* **EXCERPTED DATA**:
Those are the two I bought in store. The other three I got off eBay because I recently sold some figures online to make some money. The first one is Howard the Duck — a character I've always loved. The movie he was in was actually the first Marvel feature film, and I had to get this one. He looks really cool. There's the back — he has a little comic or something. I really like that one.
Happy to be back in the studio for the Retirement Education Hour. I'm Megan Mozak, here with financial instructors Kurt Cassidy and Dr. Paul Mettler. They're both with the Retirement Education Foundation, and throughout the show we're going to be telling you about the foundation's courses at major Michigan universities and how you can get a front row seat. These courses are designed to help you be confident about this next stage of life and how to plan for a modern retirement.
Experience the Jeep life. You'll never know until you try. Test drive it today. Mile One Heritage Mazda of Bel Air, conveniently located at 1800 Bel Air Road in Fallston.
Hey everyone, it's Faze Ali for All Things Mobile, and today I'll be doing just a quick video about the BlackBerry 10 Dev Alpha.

* * *

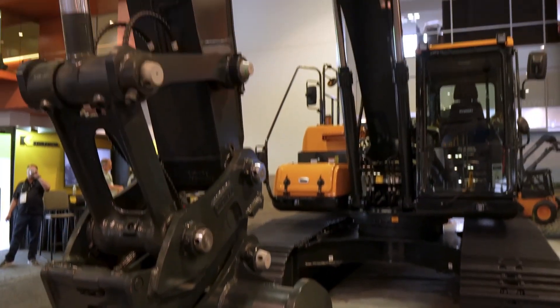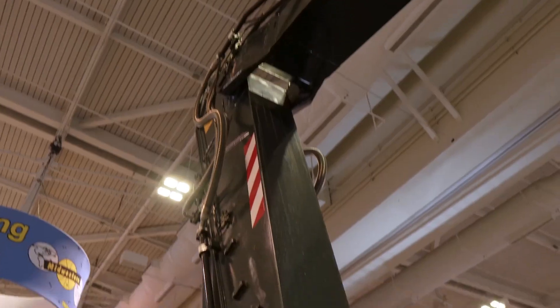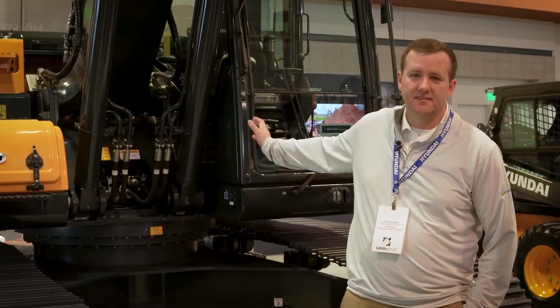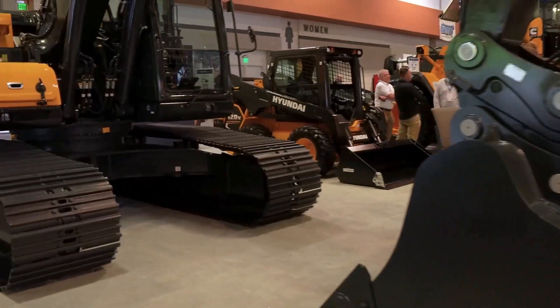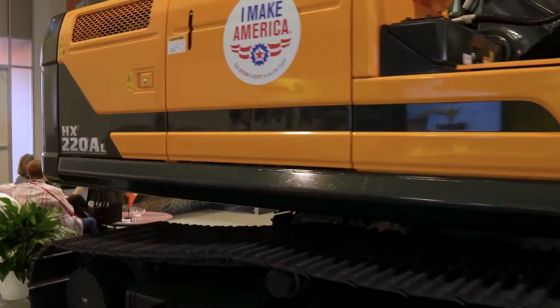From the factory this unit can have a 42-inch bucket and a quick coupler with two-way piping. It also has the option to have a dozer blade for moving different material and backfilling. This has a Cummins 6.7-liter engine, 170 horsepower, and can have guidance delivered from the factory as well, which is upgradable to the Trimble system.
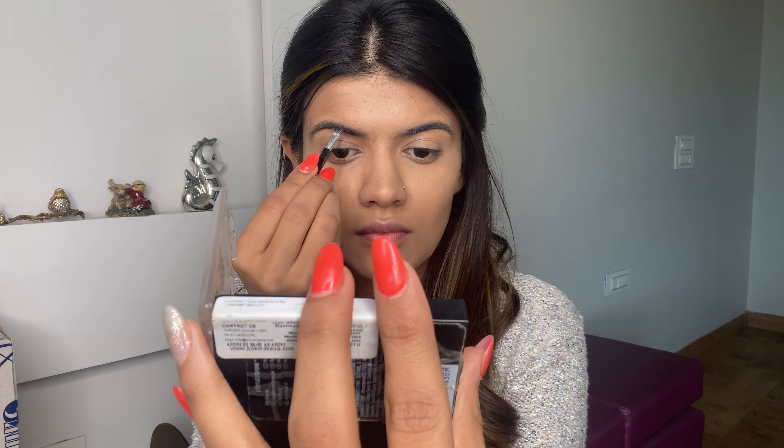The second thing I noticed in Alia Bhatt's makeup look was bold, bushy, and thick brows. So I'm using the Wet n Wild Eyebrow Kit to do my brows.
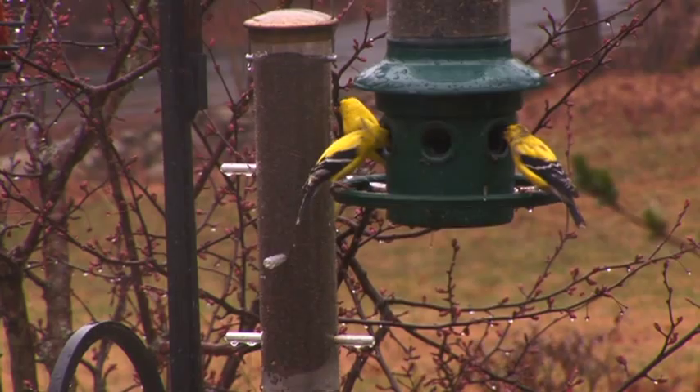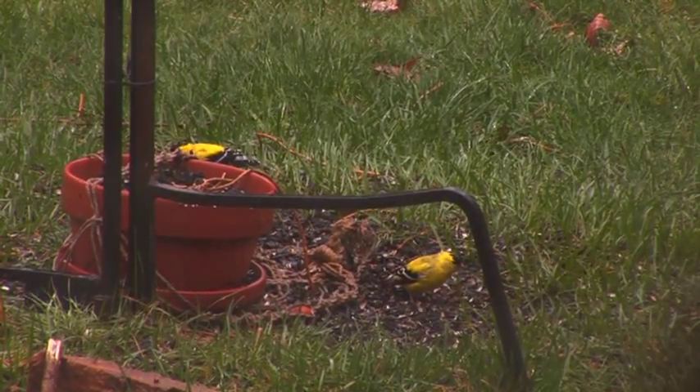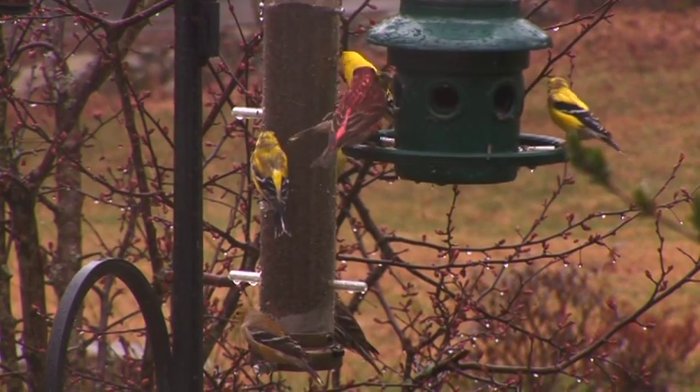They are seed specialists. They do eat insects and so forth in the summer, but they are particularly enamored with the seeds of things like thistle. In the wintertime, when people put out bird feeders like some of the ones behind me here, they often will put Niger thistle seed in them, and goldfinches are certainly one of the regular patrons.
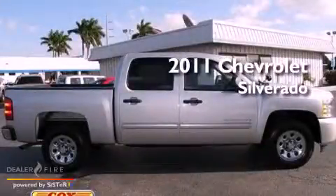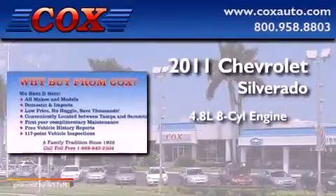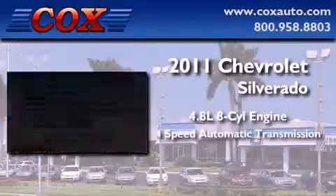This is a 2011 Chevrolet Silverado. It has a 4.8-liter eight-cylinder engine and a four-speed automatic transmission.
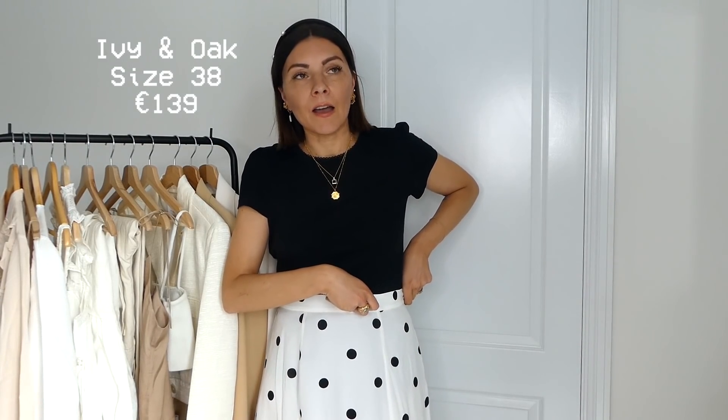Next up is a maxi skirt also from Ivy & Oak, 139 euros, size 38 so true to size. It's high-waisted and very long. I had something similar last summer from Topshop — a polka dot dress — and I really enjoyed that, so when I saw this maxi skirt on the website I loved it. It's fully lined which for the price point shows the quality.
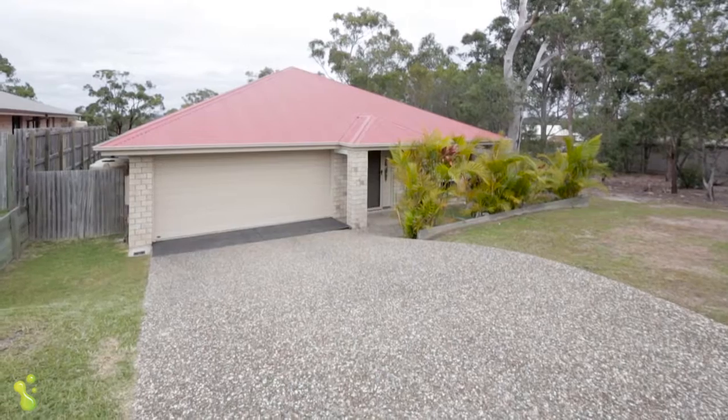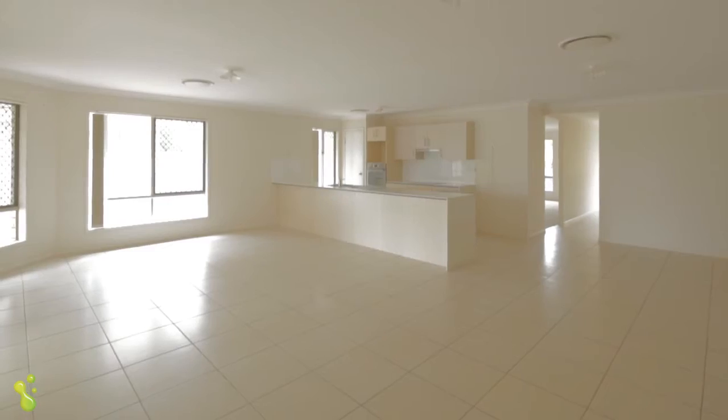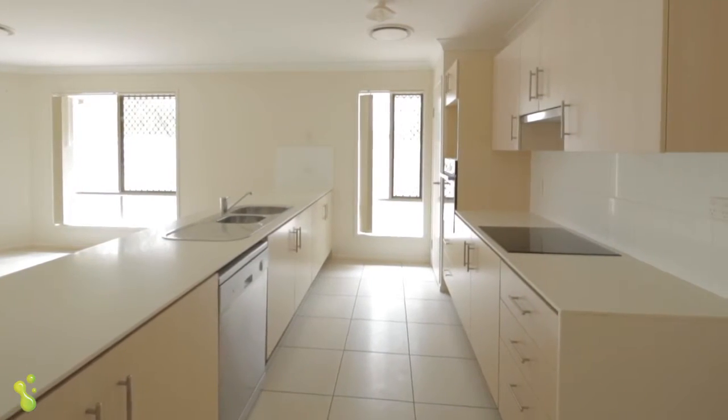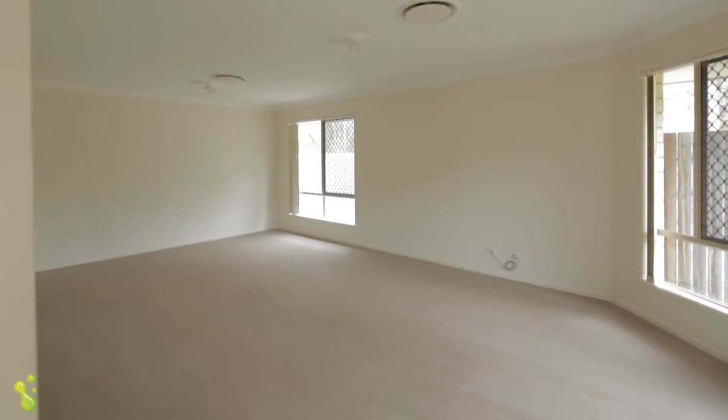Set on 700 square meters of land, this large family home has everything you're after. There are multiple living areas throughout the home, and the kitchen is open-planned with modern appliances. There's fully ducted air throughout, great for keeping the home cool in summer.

...

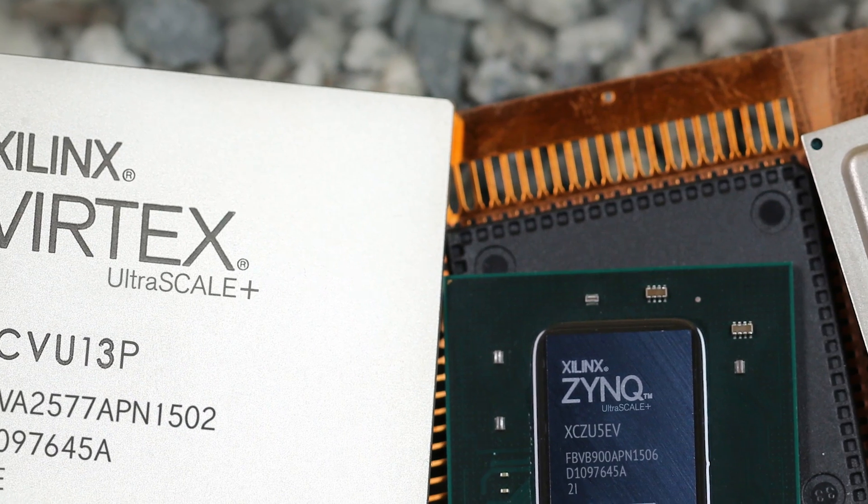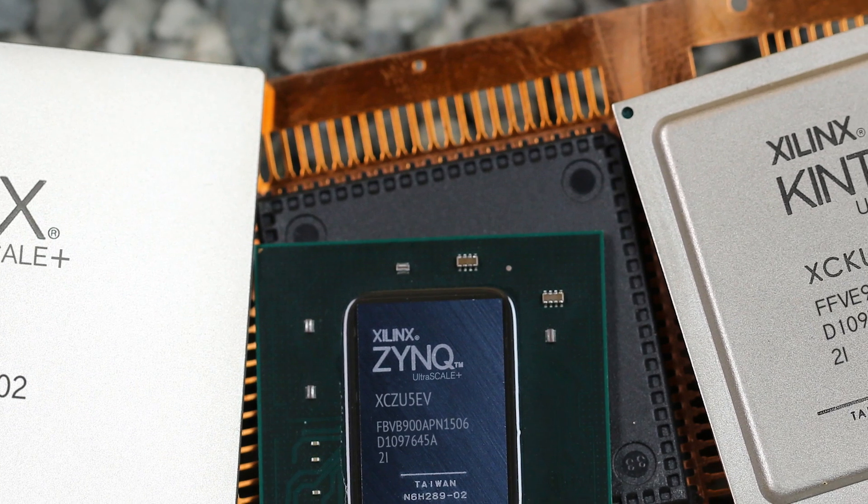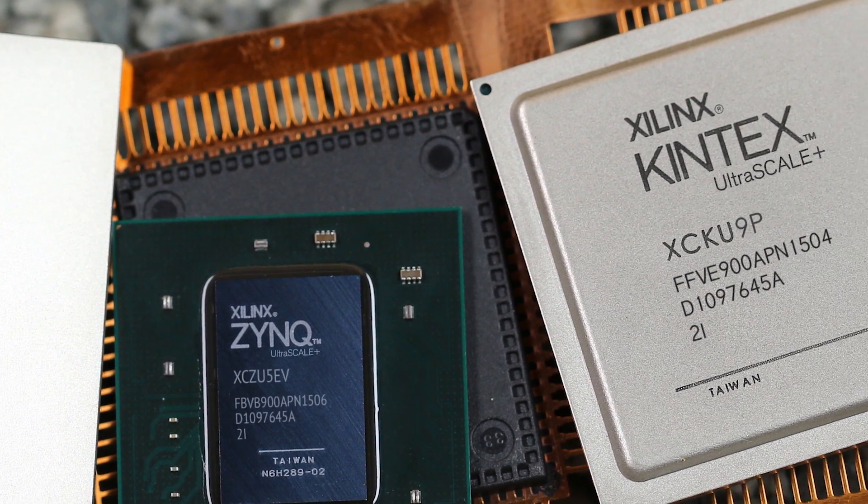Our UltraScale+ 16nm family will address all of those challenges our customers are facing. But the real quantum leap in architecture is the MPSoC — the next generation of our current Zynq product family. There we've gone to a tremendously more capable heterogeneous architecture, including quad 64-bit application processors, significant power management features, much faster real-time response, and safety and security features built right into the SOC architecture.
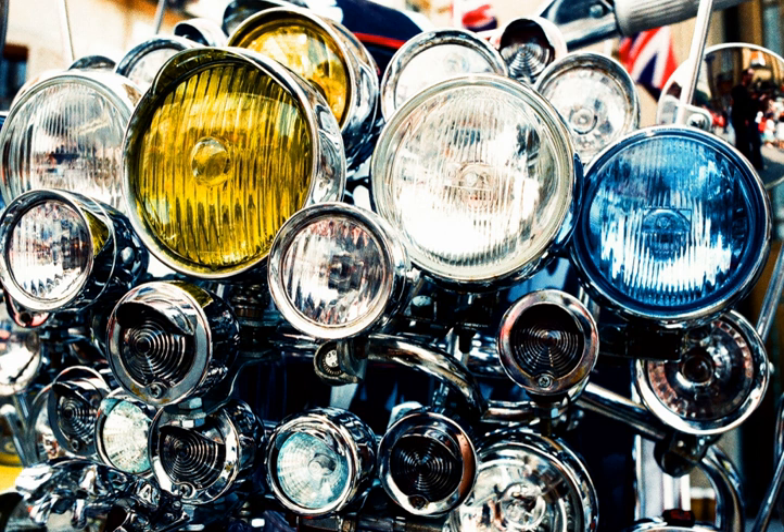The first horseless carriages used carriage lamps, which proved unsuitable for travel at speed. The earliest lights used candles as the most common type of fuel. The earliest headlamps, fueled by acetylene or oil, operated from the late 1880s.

* **ASSIGNMENT**: What you write out is the stretch of entries from the line containing "This is a 2011" to the line containing "Set on 700 square", word for word, with both end lines and no pictures.

* **ANSWER FOR THE TASK**:
This is a 2011 Chevrolet Silverado. It has a 4.8-liter eight-cylinder engine and a four-speed automatic transmission.
Next up is a maxi skirt also from Ivy & Oak, 139 euros, size 38 so true to size. It's high-waisted and very long. I had something similar last summer from Topshop — a polka dot dress — and I really enjoyed that, so when I saw this maxi skirt on the website I loved it. It's fully lined which for the price point shows the quality.
Set on 700 square meters of land, this large family home has everything you're after. There are multiple living areas throughout the home, and the kitchen is open-planned with modern appliances. There's fully ducted air throughout, great for keeping the home cool in summer.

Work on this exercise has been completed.